Ms. Booher is CEO of Booher Consultants, a communications consulting firm in Dallas (phone 800-342-6621) which offers training in effective writing, oral presentations, interpersonal skills, and customer service communications.  She has written 35 books, including Communicate with Confidence! (McGraw-Hill, New York, 1994). http://www.booherconsultants.com

You have attended scores of them.  Probably even a few this week.  And for some reason, the thought of sitting in on another one leaves you nauseated.  They're called meetings and they're an integral part of business life.

Actually, they are a pretty good idea.  Gather a group of talented people, pool their resources and expertise, hash out some issues, devise a game plan, and everyone is the better for it. Unfortunately, not all meetings follow that agenda.  Instead, busy people with complicated schedules reluctantly congregate to vent their frustrations, complicate matters, and pontificate pet peeves.  And everyone ends up with more work. 

Meetings are here to stay, and sooner or later, you'll likely be asked to lead one some day.  Understand the basics of how to conduct a meeting and you'll be known as one who gets things done; neglect these basics and you'll only waste everyone's time.

Meeting Basics

Meet for the right reason.  When you call a meeting, know the reason. Skip the meeting if you have nothing special to discuss, if you don't need others' input, if you have already made up your mind about a course of action, or if getting others involved would only complicate your plan.

Do call a meeting if you need to present information to a lot of people quickly and you don't want to write it, if you want input from others on your idea, if you want to gain "buy in" from the team, or if you want to motivate and energize the team about an idea.

Purposeful meetings resolve issues, galvanize support, and prepare others for action. Set an agenda.  Some people think that agendas lend too much structure to a meeting, that people can't be spontaneous, or that the atmosphere will be too formal.  That's like saying if you plan for a vacation by packing the right clothes, arranging for transportation, and deciding on a destination that you can't relax and be spontaneous along the way.

Agendas are merely roadmaps that lead you to your destination.  Use them or get lost. When leading a meeting, set an agenda and stick to it.  Use active verbs, summarize in a sentence the issue at hand, and let the group know what you expect on each issue--"for discussion only," "to collect data," or "for decision."

Whether you follow the agenda or take an occasional detour, having an agenda will give others the peace of mind that the meeting is going somewhere. 

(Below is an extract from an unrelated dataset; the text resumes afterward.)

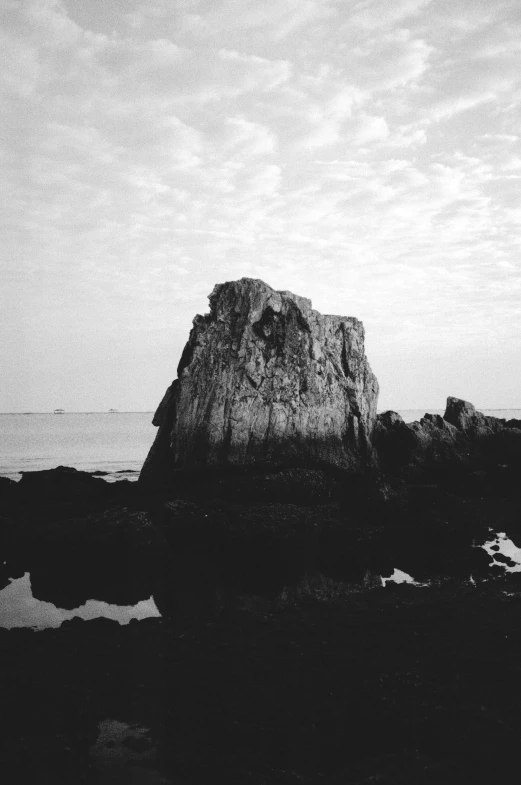 a black and white photo of a rock in the ocean, by Bascove, medium format, jiyun chae, :: morning, ((monolith))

Stay out in front if you intend to lead.  Nothing frustrates and turns off meeting attendees more than having a leader who doesn't take control.  State your role at the beginning and what authority the group will have.

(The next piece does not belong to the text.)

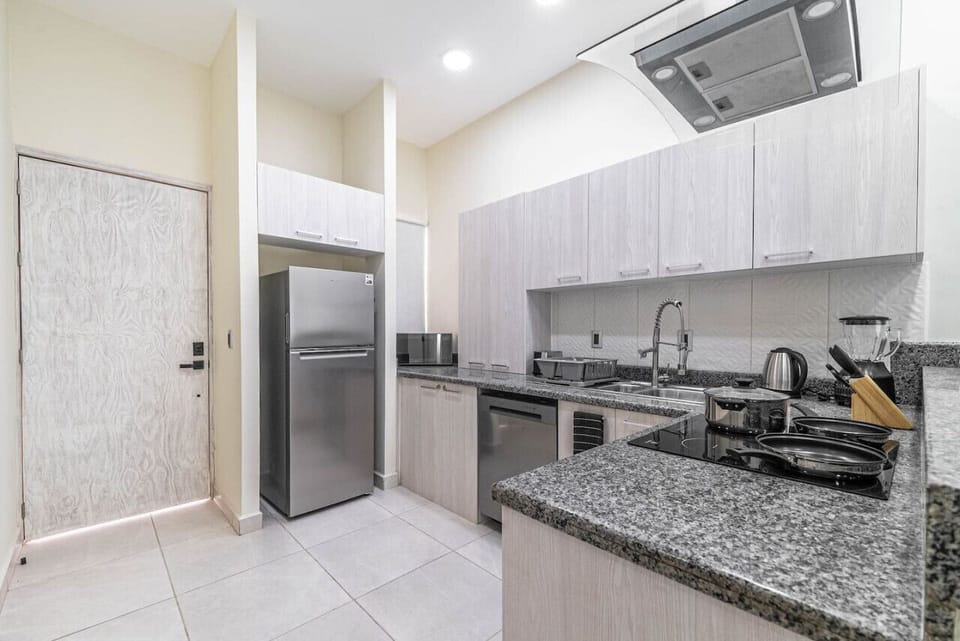 Gather around the kitchen island in this stylish space, where cooking and conversation blend seamlessly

Do you intend simply to facilitate the discussion or tell them how you will discuss each idea and come to decisions?  Are you going to keep the discussion moving or abdicate that responsibility to others randomly?

Are you going to be a silent observer or do you plan to throw in your two cents worth? You don't have to have all the answers, do all the talking, or make all the decisions, but you should be out in front.  Either lead or give the responsibility to someone else and get out of the way. Someone is always in charge of a meeting.  If it's your meeting, make sure it's you. 

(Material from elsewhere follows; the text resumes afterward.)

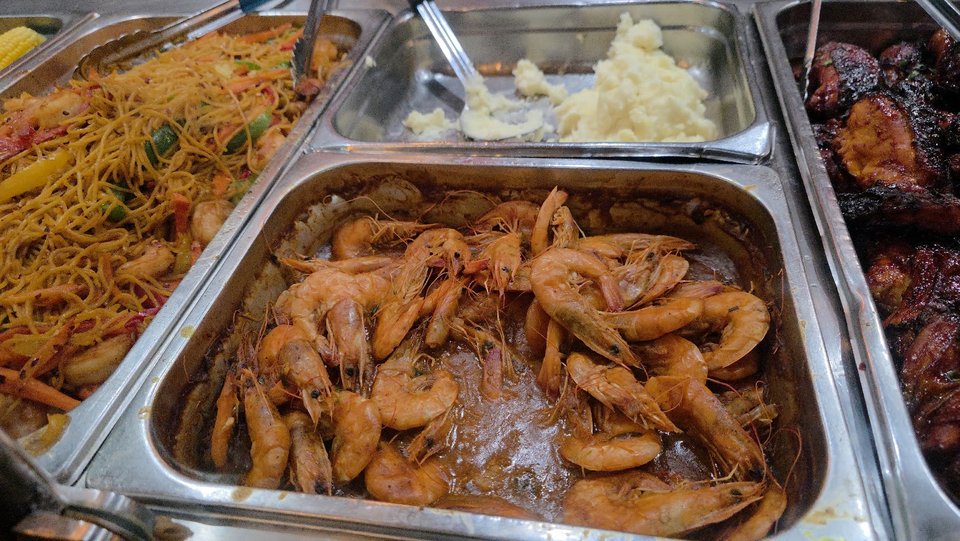 Jamaican plates with rice and seafood.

Select attendees carefully.  Selecting your list of attendees is as important as the issues you discuss.  Ask the right people and you have a good chance of a lively, informed, useful exchange of ideas.  Ask the wrong people and you establish a war zone.

Use the following checklist:  Who can provide necessary expert advice? Who has experience with this issue?  Who will support your cause?  Who will oppose your cause?  Whose commitment do you need to "make it happen"? 

Don't seek popular people, persuasive people, or positioned people--seek the right people for your purpose. Own the setting.  Just as an athlete has a distinct advantage when competing on his home field, so can a meeting facilitator.  Know the turf and you control the meeting.

If you want authority and a no-nonsense atmosphere, schedule the boardroom.  If you want an energized group, go for a well-lit conference room.  For an informal chitchat session, try someone's office.  If you want to play host, provide coffee or snacks in a parlor or schedule the meeting for a nice restaurant.  Your guests will feel obligated to be civil and even compliant.

Ask yourself what atmosphere you'd like to create in your meeting and plan accordingly.  Whatever your choice, be comfortable with it and "own" the surroundings.

Meetings don't have to be another "necessary evil."  They can be the most efficient and effective way of getting quality work done quickly, completely, and on time--without merely giving everyone more work.